=== The task ===
Set down every record below exactly as it appears, but without the pictures.

[Opening Source data section]

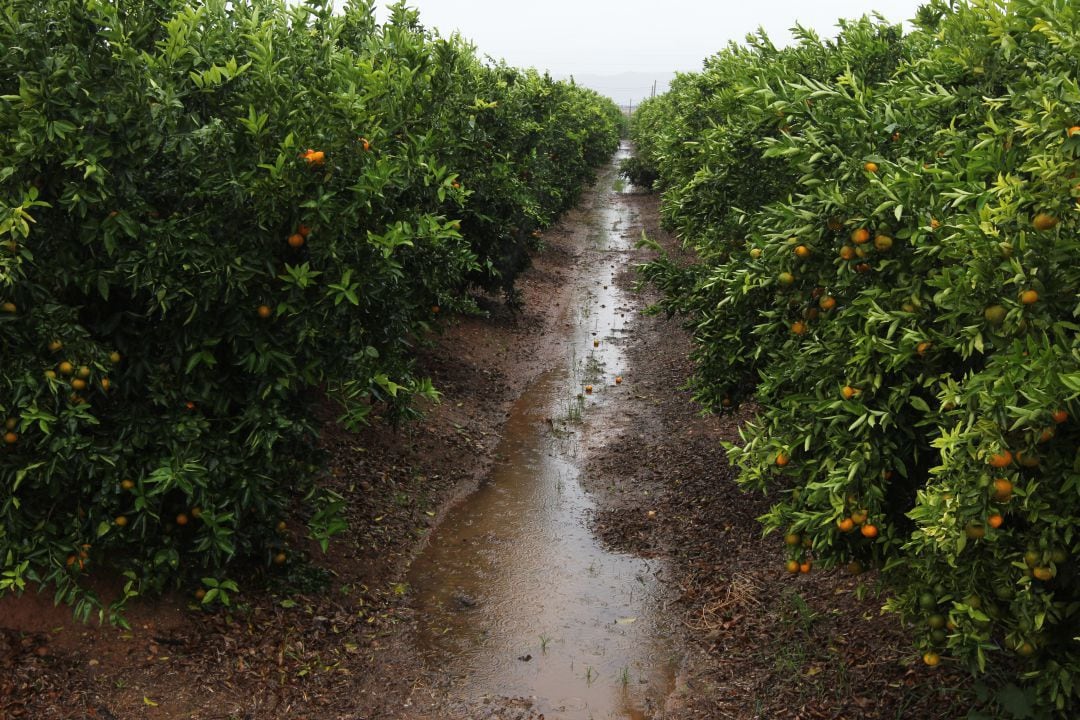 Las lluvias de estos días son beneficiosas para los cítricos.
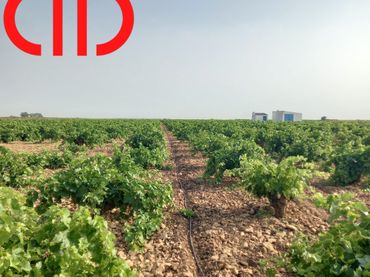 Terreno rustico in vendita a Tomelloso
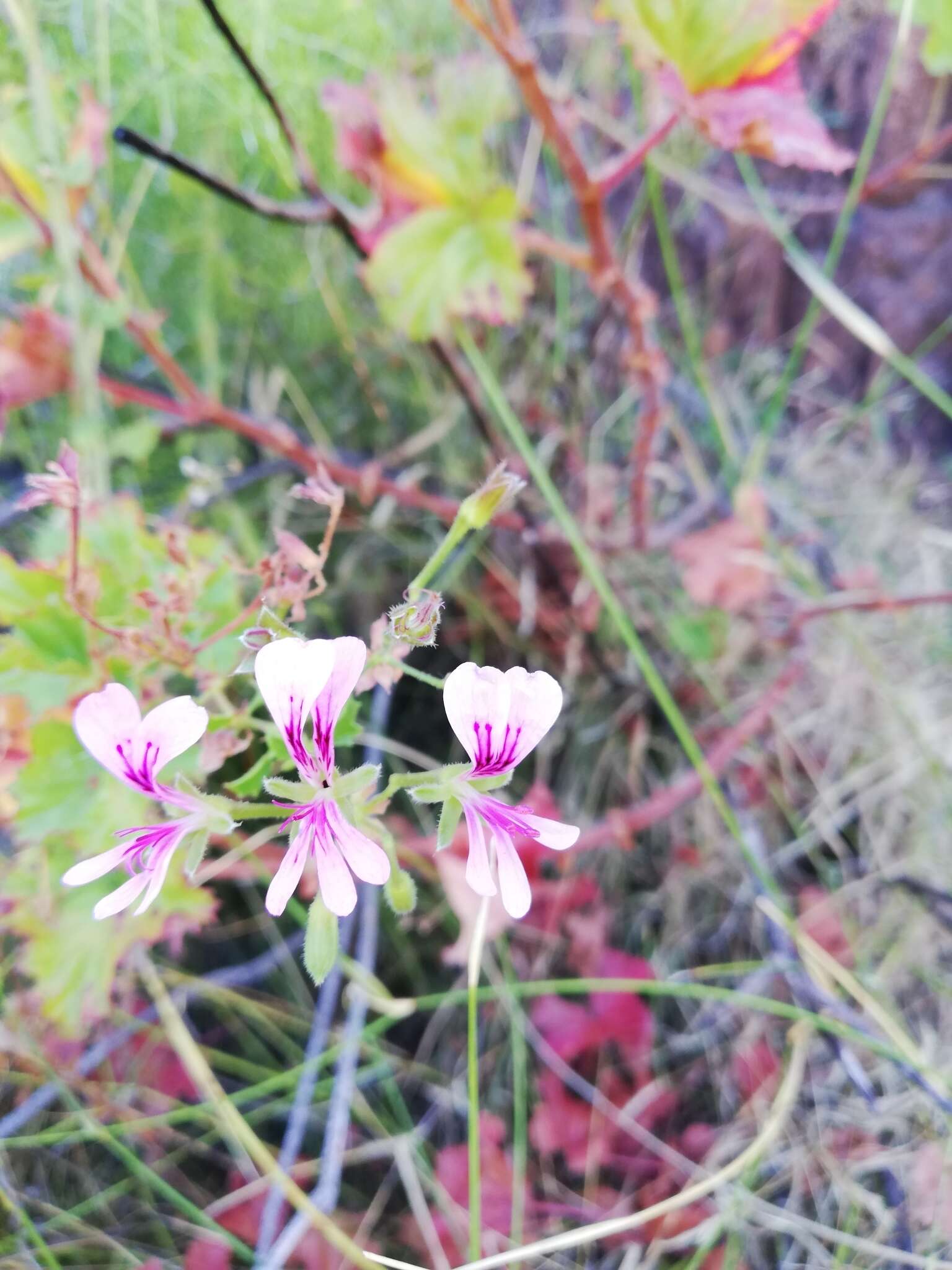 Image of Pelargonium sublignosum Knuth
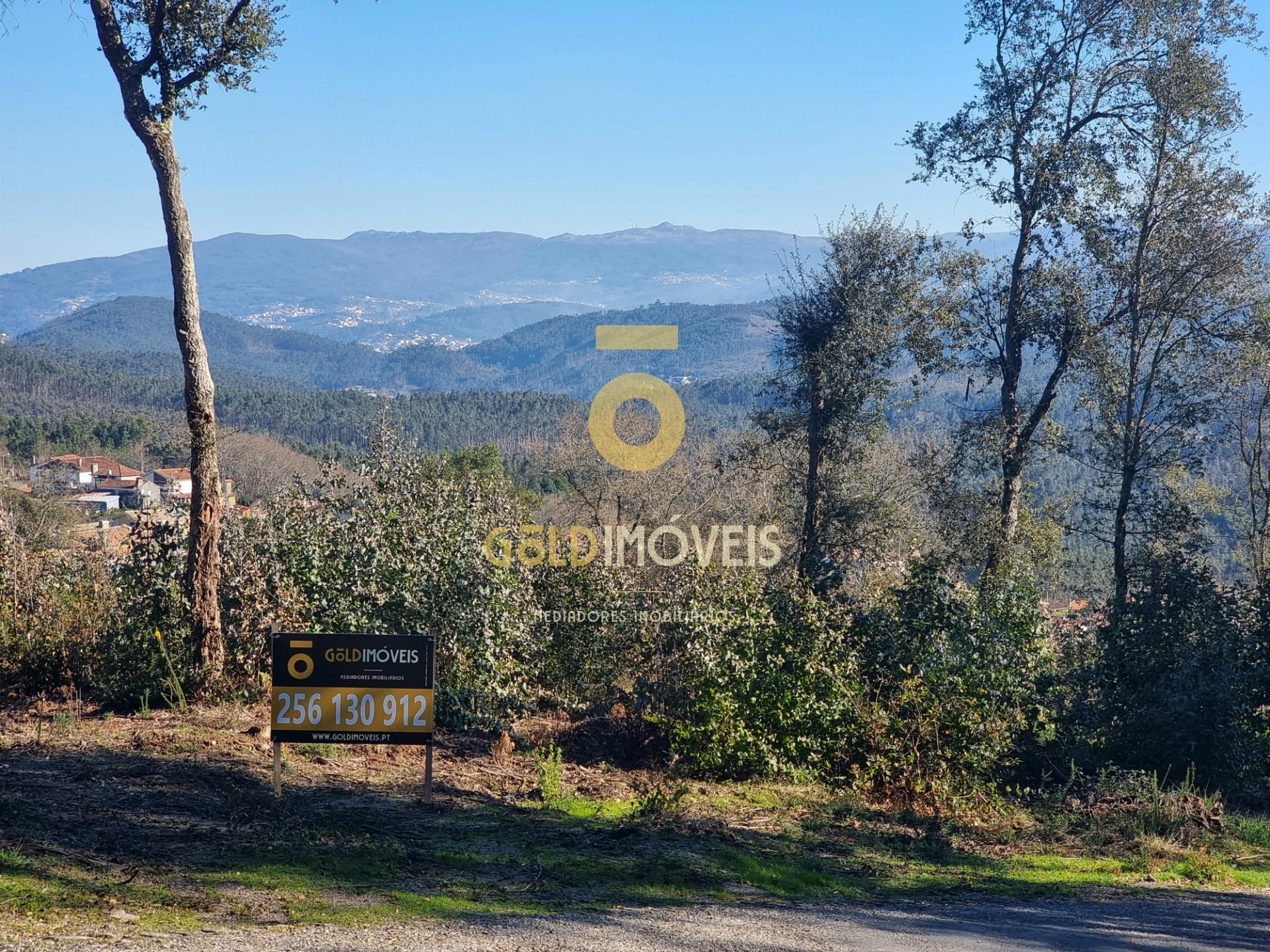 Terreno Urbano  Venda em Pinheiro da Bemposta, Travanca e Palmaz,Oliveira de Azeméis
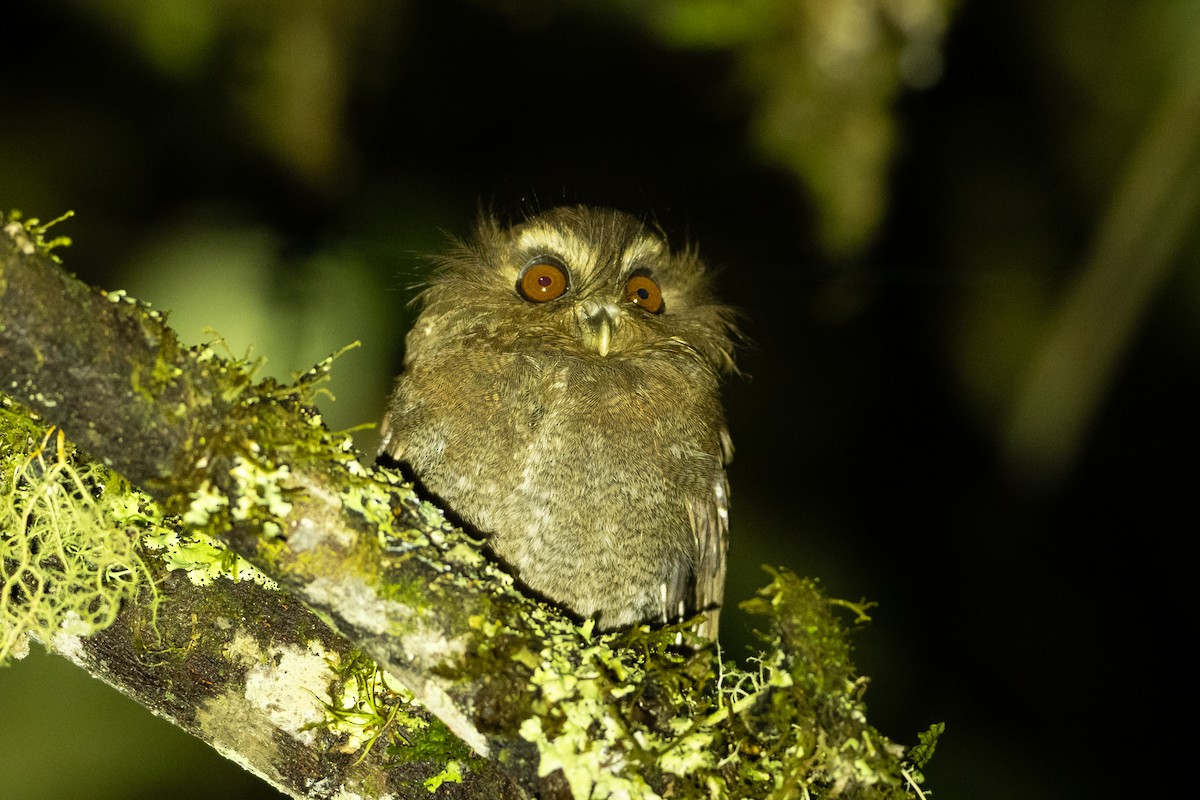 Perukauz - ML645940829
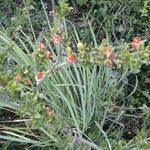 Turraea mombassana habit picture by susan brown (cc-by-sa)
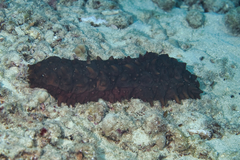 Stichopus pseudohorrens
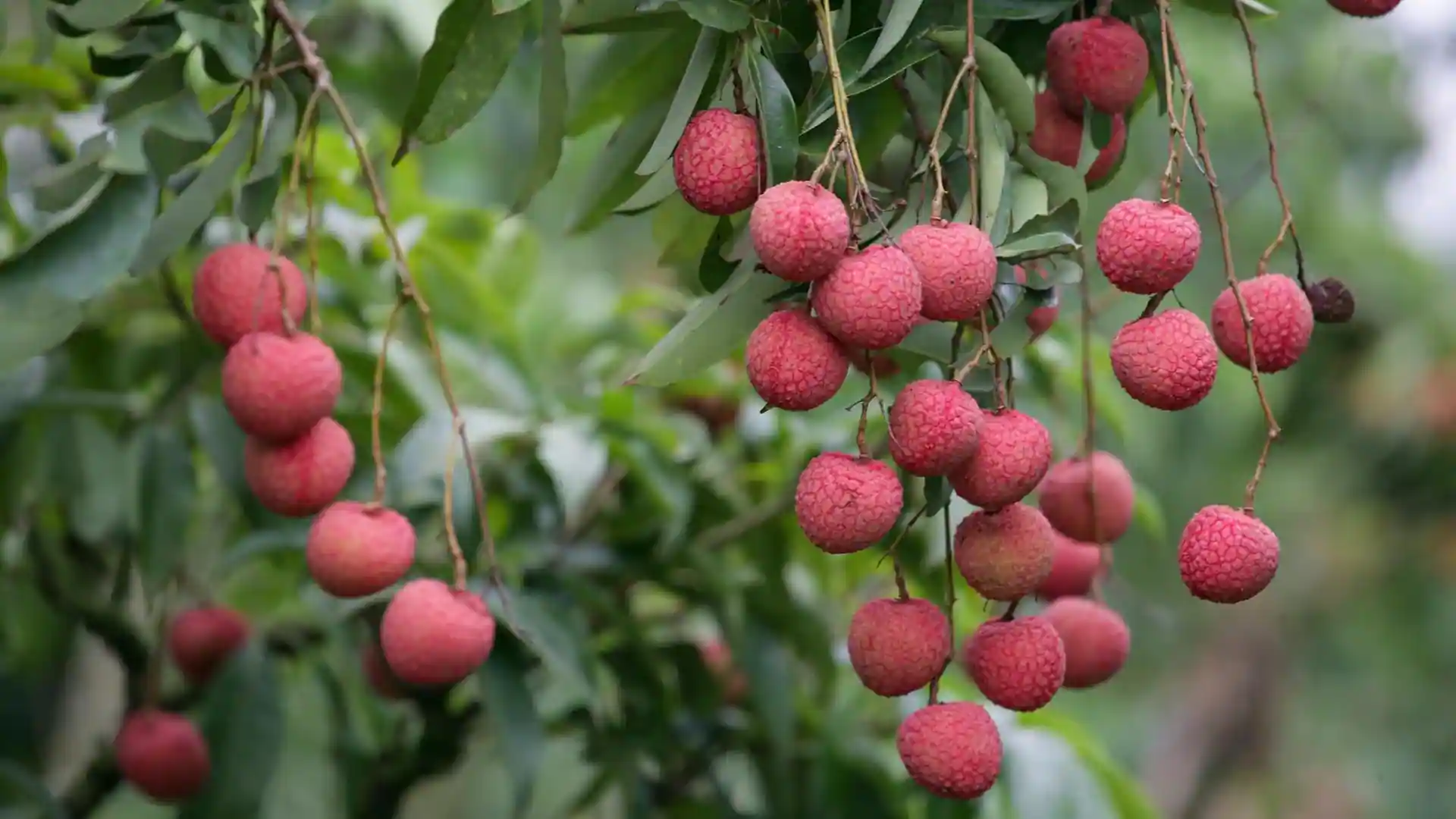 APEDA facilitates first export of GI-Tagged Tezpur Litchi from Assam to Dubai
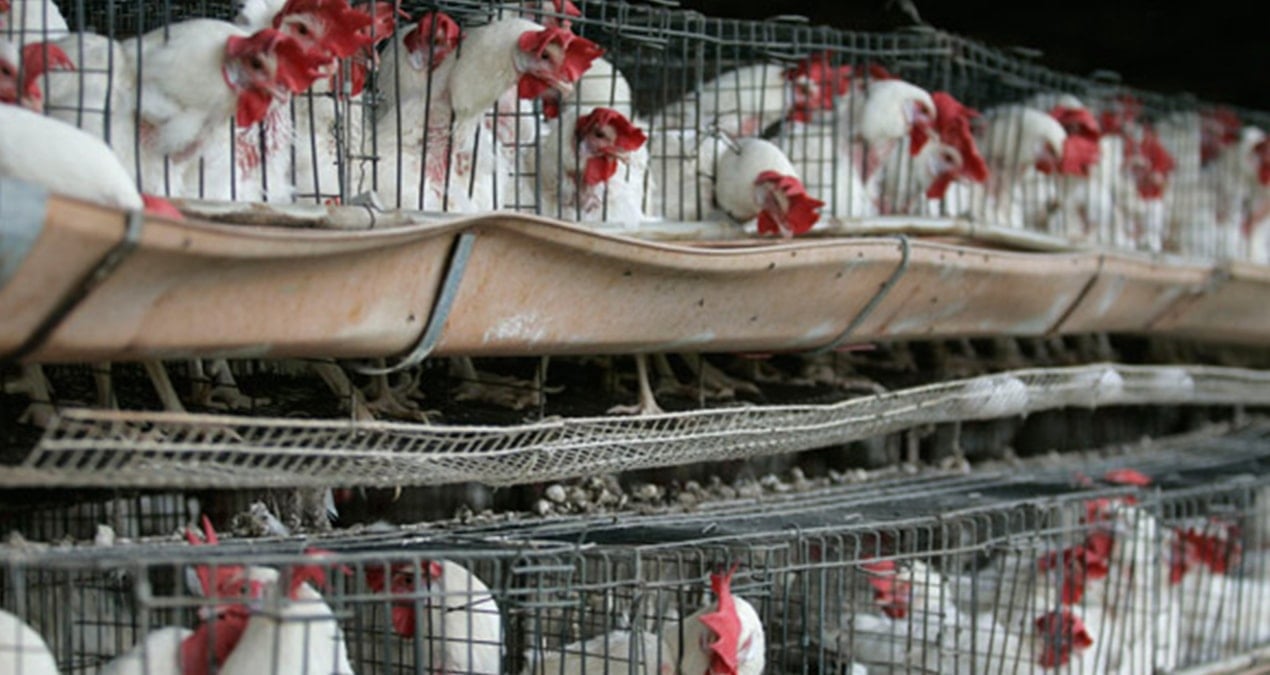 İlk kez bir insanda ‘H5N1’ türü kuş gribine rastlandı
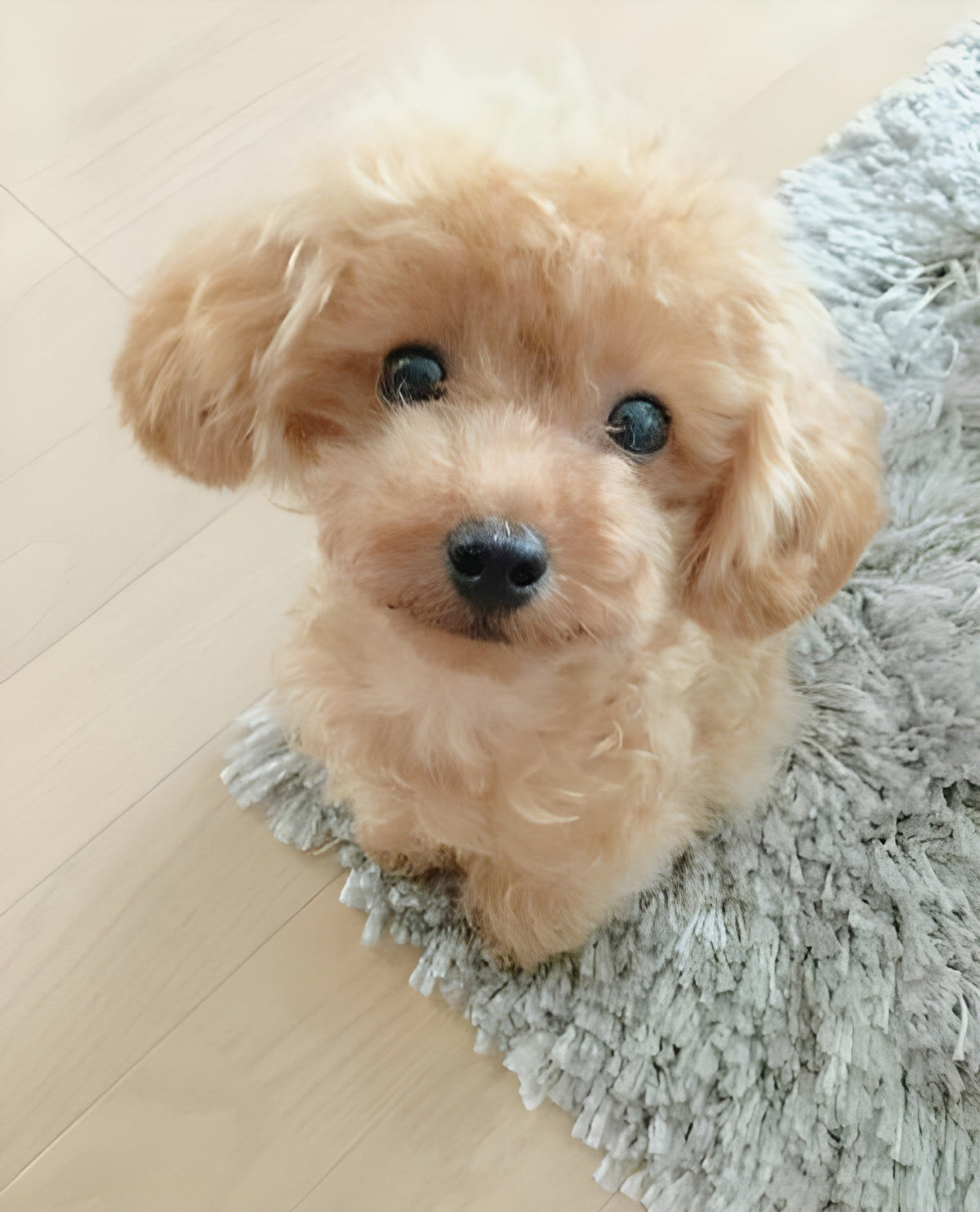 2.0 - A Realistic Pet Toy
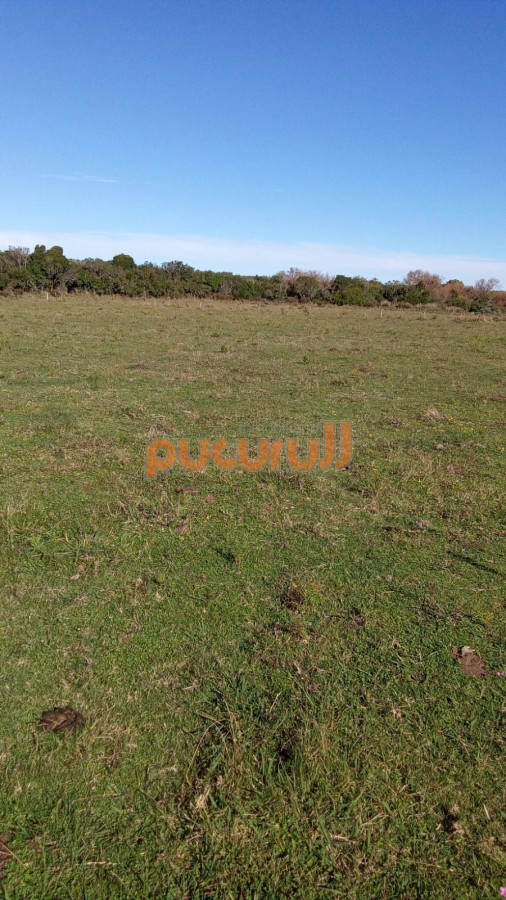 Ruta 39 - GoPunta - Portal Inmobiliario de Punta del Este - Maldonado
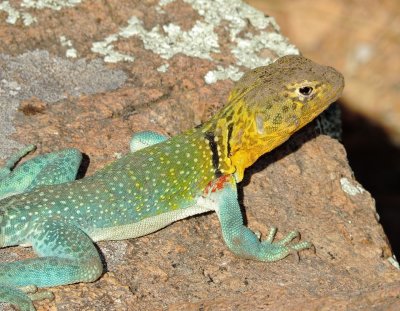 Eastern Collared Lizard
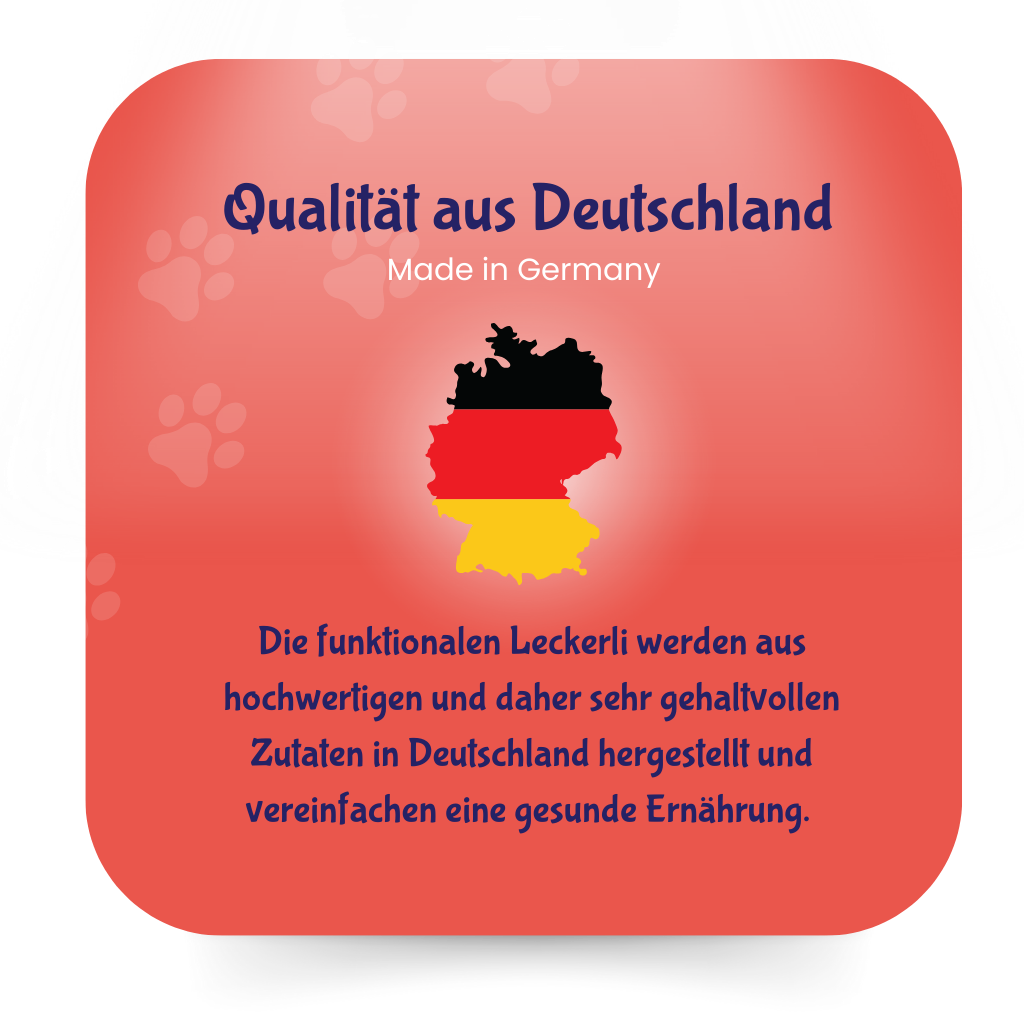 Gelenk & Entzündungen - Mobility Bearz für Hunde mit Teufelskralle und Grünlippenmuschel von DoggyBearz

[Closing Source data section]

=== Exercise solution ===
 Las lluvias de estos días son beneficiosas para los cítricos.
 Terreno rustico in vendita a Tomelloso
 Image of Pelargonium sublignosum Knuth
 Terreno Urbano  Venda em Pinheiro da Bemposta, Travanca e Palmaz,Oliveira de Azeméis
 Perukauz - ML645940829
 Turraea mombassana habit picture by susan brown (cc-by-sa)
 Stichopus pseudohorrens
 APEDA facilitates first export of GI-Tagged Tezpur Litchi from Assam to Dubai
 İlk kez bir insanda ‘H5N1’ türü kuş gribine rastlandı
 2.0 - A Realistic Pet Toy
 Ruta 39 - GoPunta - Portal Inmobiliario de Punta del Este - Maldonado
 Eastern Collared Lizard
 Gelenk & Entzündungen - Mobility Bearz für Hunde mit Teufelskralle und Grünlippenmuschel von DoggyBearz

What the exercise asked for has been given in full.